The Python ``re`` module provides a convenient interface to an
underlying regular expression engine. The module allows a regular
expression pattern to be compiled into a object whose methods can then
be called.

In the next example, we assume that we have a local copy (i.e.,
``words``) of the Unix dictionary, which may be found in the NLTK
``data/words`` directory.  This file contains over 400,000 words, one
per line.

  >>> from re import * 
  >>> from nltk_lite.corpora import words

Next we read in the list of words and count them:

  >>> wordlist = list(words.raw())
  >>> len(wordlist)
  45378

Now we can compile a regular expression for words containing a sequence of two 'a's
and find the matches:

  >>> r1 = compile('.*aa.*') 
  >>> [w for w in wordlist if r1.match(w)]
  ['Afrikaans', 'bazaar', 'bazaars', 'Canaan', 'Haag', 'Haas', 'Isaac', 'Isaacs', 'Isaacson', 'Izaak', 'Salaam', 'Transvaal', 'Waals']

Suppose now that we want to find all three-letter words ending in the
letter "``c``". Our first attempt might be as follows:

  >>> r1 = compile('..c') 
  >>> [w for w in wordlist if r1.match(w)][:10]
  ['accede', 'acceded', 'accedes', 'accelerate', 'accelerated', 'accelerates', 'accelerating', 'acceleration', 'accelerations', 'accelerator']

The problem is that we have matched words containing three-letter
sequences ending in "``c``" which occur *anywhere within a word*. For
example, the pattern will match "``c``" in words like ``aback``,
``Aerobacter`` and ``albacore``.  Instead, we must revise our pattern
so that it is anchored to the beginning and ends of the word: |l|\ ``^...$``\ |r|\ :

  >>> r2 = compile('^..c$')
  >>> [w for w in wordlist if r2.match(w)]
  ['arc', 'Doc', 'Lac', 'Mac', 'Vic']

In the section on complementation, we briefly looked at the task of
matching strings which were enclosed by HTML markup.
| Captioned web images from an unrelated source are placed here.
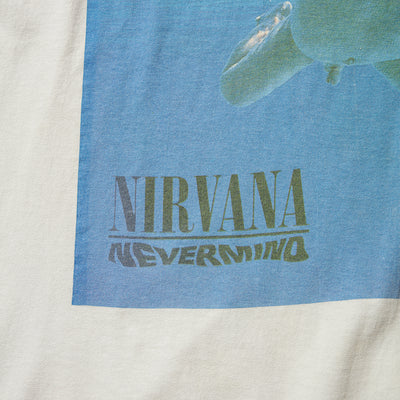 90s Nirvana "Nevermind"  t shirt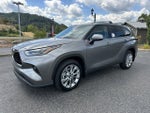 2025 Toyota Highlander Limited AWD (Natl)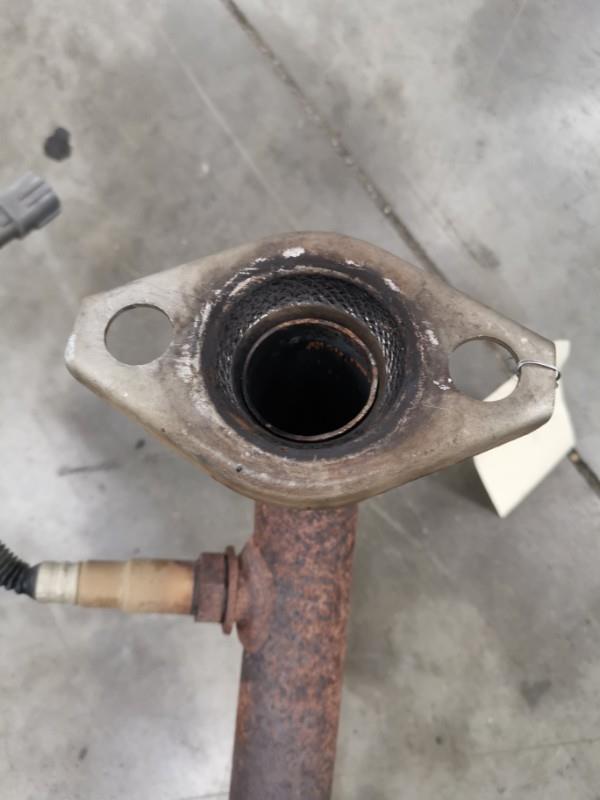 Tubo anteriore (scarico) CITROEN C1 1 PHASE 2 Gasolina - 1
Our first attempt
is illustrated in the following code example, where we incorrectly
match the whole string, rather than just the substring
"``<B>important</B>``".

  >>> html = '<B>important</B> and <B>urgent</B>'
  >>> r2 = compile('<B>.*</B>')
  >>> print r2.findall(html)
  ['<B>important</B> and <B>urgent</B>']

As we pointed out, one solution is to use a character class which
matches with the complement of "``<``":

  >>> r4 = compile('<B>[^<]*</B>')
  >>> print r4.findall(html)
  ['<B>important</B>', '<B>urgent</B>']

However, there is another way of approaching this problem.
|<B>.*</B>| gets the wrong results because the
|*| operator tries to consume as much input as
possible. That is, the matching is said to be *greedy*. In the current
case, |*| matches everything after the first
``<B>``, including the following ``</B>`` and ``<B>``.  If we instead
use the non-greedy star operator |*?|\ , we get the
desired match, since |*?| tries to consume as little input as possible.

Exercises
---------

2. *Pig Latin* is a simple transliteration of English: words starting with
   a vowel have ``way`` appended (e.g. ``is`` becomes ``isway``);
   words beginning with a consonant have all consonants up to the first
   vowel moved to the end of the word, and then ``ay`` is appended
   (e.g. ``start`` becomes ``artstay``).

   a) Write a program to convert English text to Pig Latin.

   b) Extend the program to convert text, instead of individual words.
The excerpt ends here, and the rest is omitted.